Winckelmann, uno de los arqueólogos más influyentes del momento, aportó también a aquella corriente de neoclasicismo su visión esteticista de los vestigios de la antigüedad: éstos eran intrínsecamente bellos y como tal podían considerarse arte. Participó activamente en la recuperación de Pompeya y Herculano, y para él, sus calles, sus edificios, sus frescos... conservados en estado casi puro, eran la máxima expresión de la belleza.
El resultado es que en el siglo XVIII apenas se llevaron a cabo interpretaciones sobre la dimensión histórica de tan importante hallazgo.

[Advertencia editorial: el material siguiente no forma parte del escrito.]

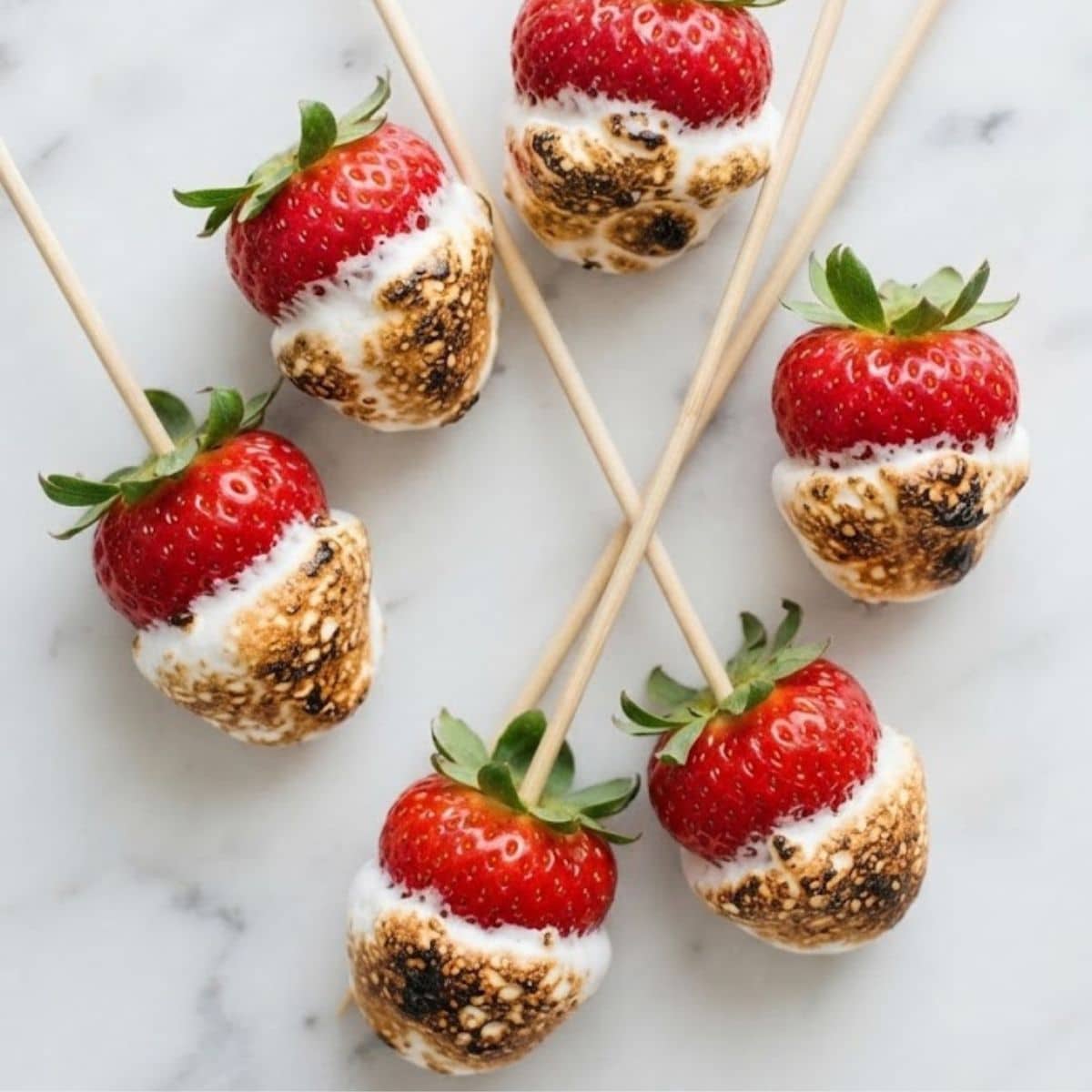 An overhead top-down view of Toasted Marshmallow Strawberries placed on white marble kitchen counter.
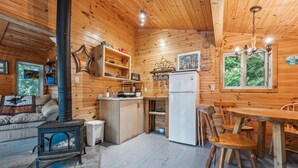 Interior acogedor de una cabaña, con paredes de madera, una estufa, un refrigerador, una mesa de comedor con sillas y una ventana con vistas a árboles.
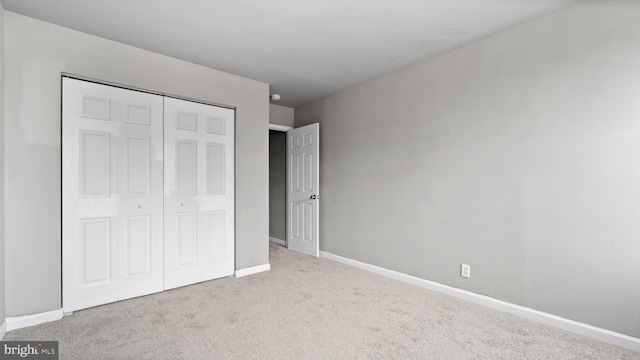 unfurnished bedroom featuring a closet and light colored carpet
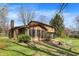 Backyard featuring a brick chimney, an outdoor sitting area, and a lush green lawn at 1123 Woodbridge Ln, Indianapolis, IN 46260
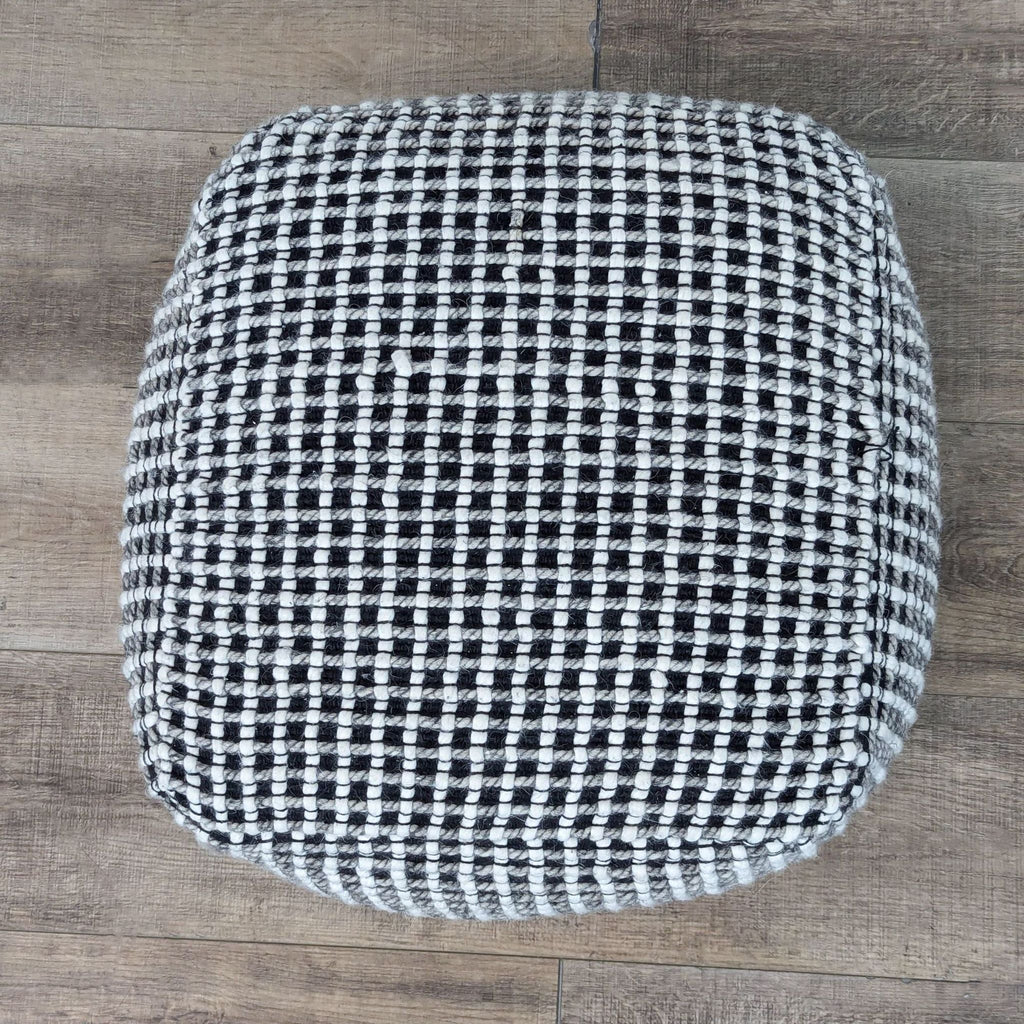 a black and white wool ottoman on a wood floor.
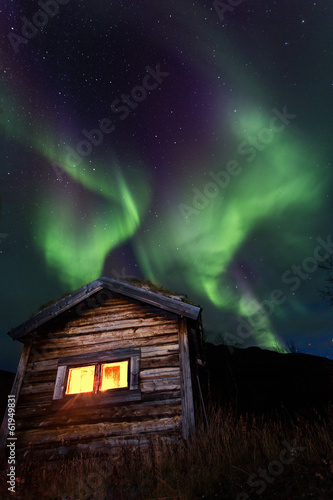 old wooden hut with northern lights photo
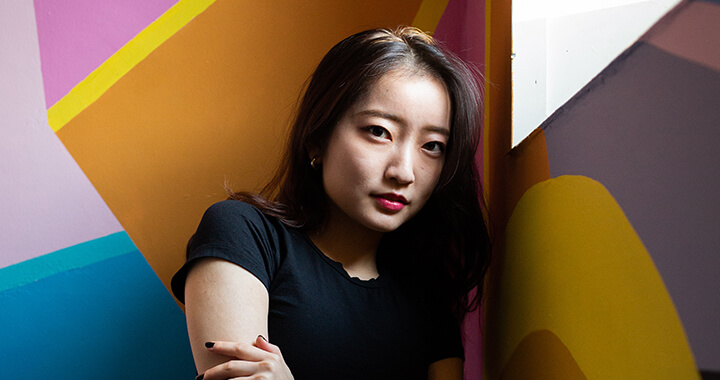 A postgraduate student posing in a colourful room on campus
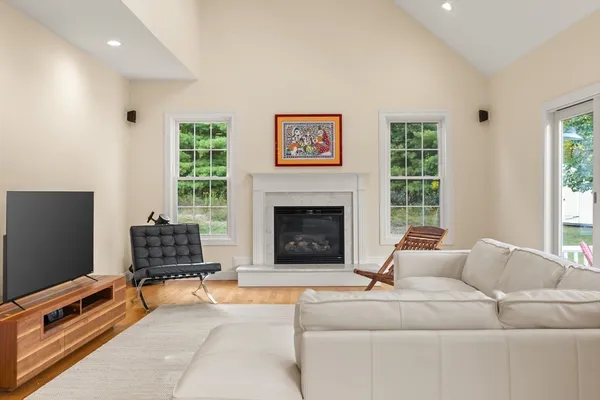 a living room with furniture and a fireplace
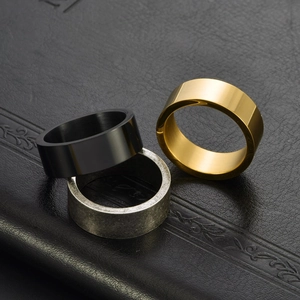 Three minimalist titanium steel rings in gold, black, and silver finishes on black leather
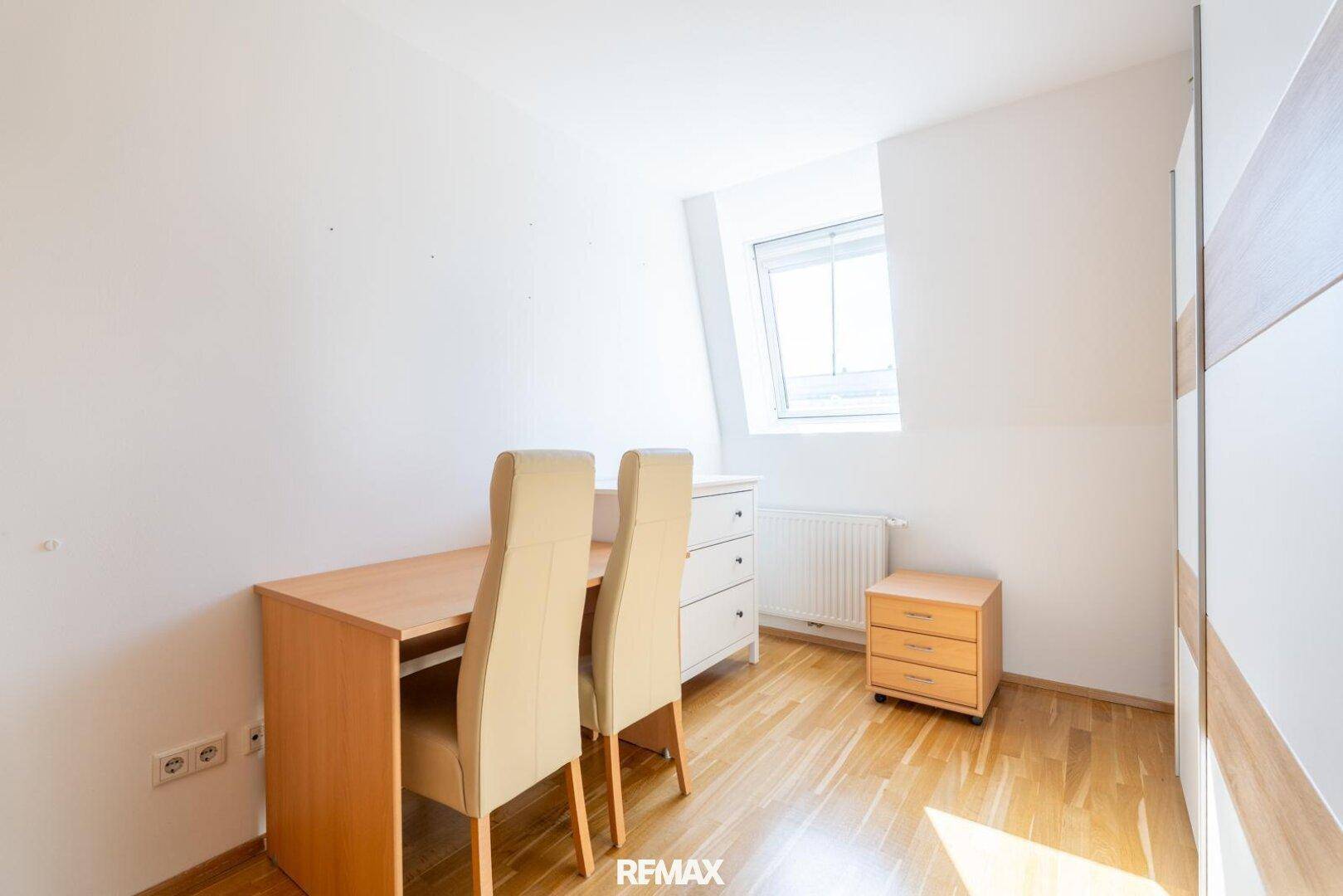 Kleines Zimmer mit Schreibtisch, Holzboden und Dachfenster, ideal als Arbeitsbereich.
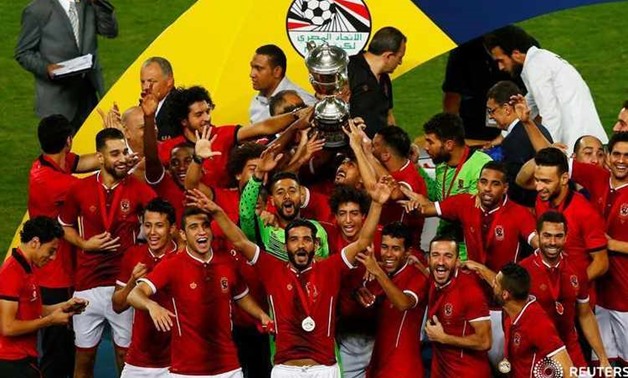 Soccer Football - Egyptian Cup Final - Al Masry v Al Ahly - Alexandria, Egypt - August 15, 2017 Al Ahly players celebrate winning the Egyptian Cup with the trophy REUTERS/Amr Abdallah Dalsh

La labor de recuperación realizada en Pompeya a lo largo de estos dos siglos y medio ha aportado, en cambio, una gran cantidad de información sobre la vida cotidiana en la Roma del siglo I. Los materiales descubiertos tal vez no tengan el valor artístico de otros hallazgos, pero, en su conjunto, constituyen el mayor testimonio de la cultura romana. Y es así como han de contemplarse, en su conjunto, ya que la destructora capa de ceniza conservó cada cosa en su lugar: joyas, objetos de adorno personal, armas, monedas, herramientas, utensilios domésticos e incluso alimentos, constituyen un legado cultural que, con el paso de los siglos, se habría dispersado, o más probablemente destruido. Se han encontrado también documentos que han permitido reconstruir la actividad legal y mercantil de la ciudad. Pero si algo transmite información singular es el hallazgo de los huecos dejados por los cuerpos de los pompeyanos bajo la capa solidificada de polvo de lava. Rellenando las cavidades con yeso, las figuras tridimensionales salieron a la luz: el soldado haciendo guardia, los hombres bebiendo en la taberna, la joven intentando poner a salvo sus joyas, la madre protegiendo a su hijo, el perro custodiando la casa... Con ellos, la arqueología había dejado de ser el rescate de objetos, piedras, mosaicos o frescos antiguos: ahora también era el hallazgo de personas y animales inmortalizados en el último instante de su existencia.
En conjunto, Pompeya constituye un escenario casi vivo en el que es posible recrear el ambiente de la Roma del siglo I: sus calles, sus edificios, los objetos de uso cotidiano y hasta sus propios habitantes, prodigiosamente conservados, nos aportan la más completa información sobre la cultura romana.